The lifeguards who saw Bruce compensate for the longshore current took note, and Bruce passed the interview process with flying colors.
The first day of Lifeguard training, Bruce had to complete the same distance swim twice: once in the morning and once after lunch. This time, Bruce was more confident because of his persistent late night and early morning training though the winter and spring.
In the ten days of non-stop lifeguard and basic first responder medical training, Bruce saw more than 60 percent of his peers leave in tears or get sent home for lack of drive.

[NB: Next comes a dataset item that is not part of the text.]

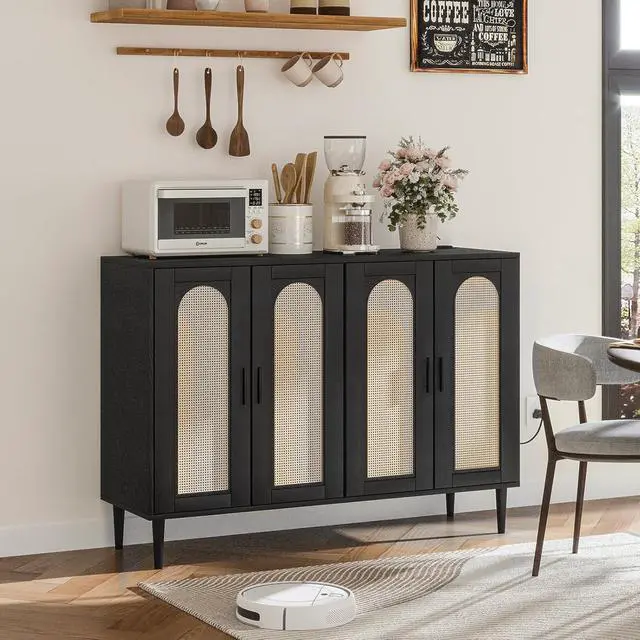 Alt view image 7 of 7 - Patikuin Rattan Sideboard Buffet Cabinet, Boho Accent Storage Cabinet, 4 Doors Console Table Coffee Bar with Power Outlet, Adjustable Shelves for Kitchen, Dining Room, Hallway, Living Room (Black)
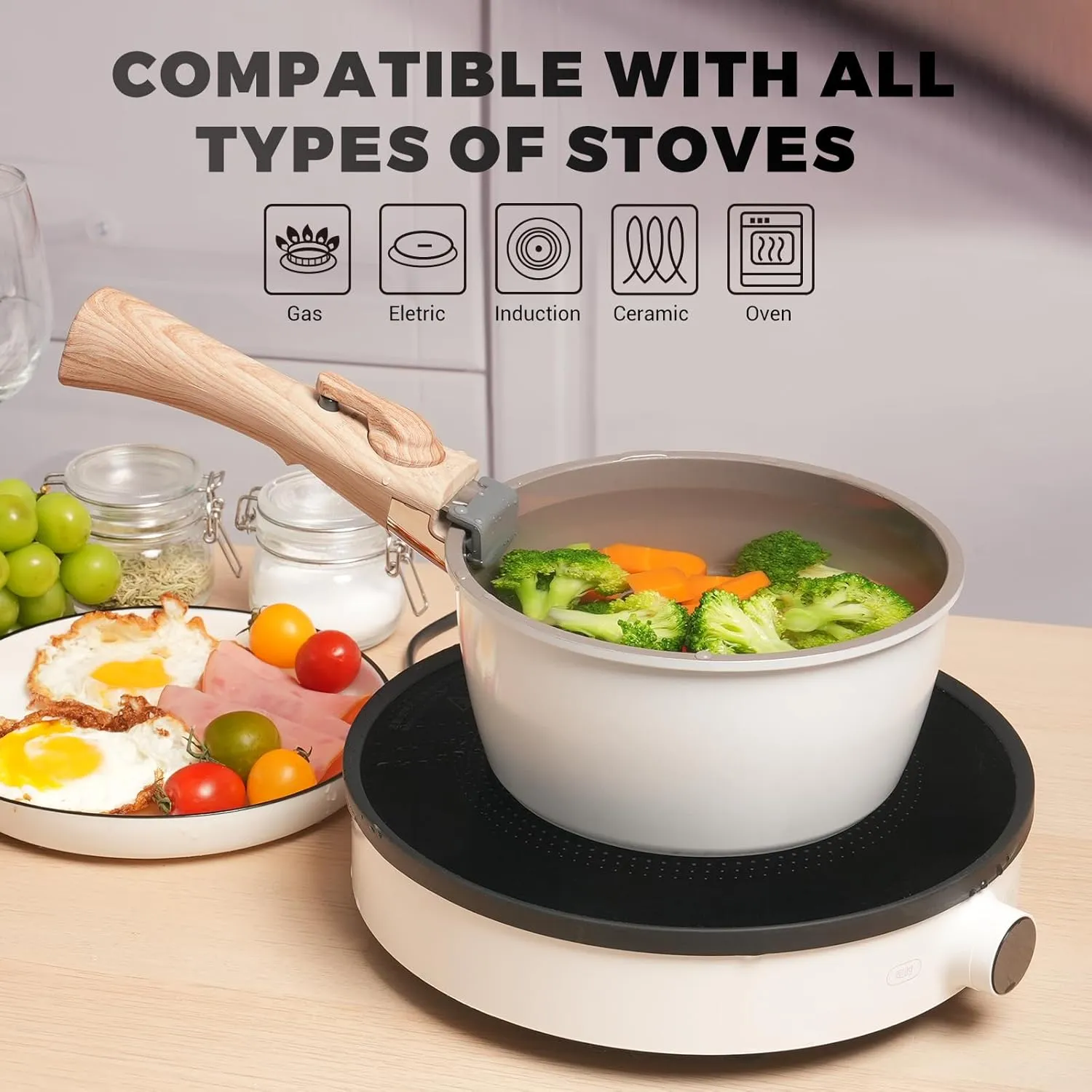 ZHANG XIAO QUAN SINCE 1628 Pots and Pans Set - 13PCS Aluminium Non Stick Cookware, White, Oven Safe, PTFE/PFAS/PFOA Free, Detachable Handle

Some were sent home for poor performance, bad test grades in the medical classes, or for some, what seemed to be immaturity.
On the final day, Bruce was called told he would be one of the lucky few sitting in a lifeguard tower that summer, leaving him excited, exhausted, and nervous for the months ahead. On this day, Bruce realized that he was no longer a maturing grom; he was now a rookie lifeguard, well respected by friends and family.
Fourth of July is one of the heaviest days of the summer for lifeguarding if the surf is up. Bruce trained in high density towers for the first few weeks of summer with some of the best lifeguard and watermen on the southern coast to gear himself up for the Fourth of July, when he would be on his own. He even went to bed early the night before to be at work early to surf and feel fresh for the busy day ahead.
While surfing, Bruce noticed a large hole directly in front of his assigned tower. He had been around the ocean long enough to know that when the tide changed he would have his work cut out for him. Sure enough, when the tide changed, that little, innocent hole turned into the worst rip current on the beach.
Standing on the deck of his tower that busy day, Bruce began to grasp the great responsibility he was burdened with. He estimated over 800 people in his water alone. Bruce was nervous to make his first rescues, but he remembered some of the phrases they shoved down his throat during lifeguard training: “Be preventative!”; “When in doubt GO!”; “Spread the Red!”; and “Save the Baby”.
Making over 25 rescues that afternoon and eight medical aids, Bruce showed he had what it took and consistently proved himself. That year, Bruce was awarded the “Rookie of the Year” Award.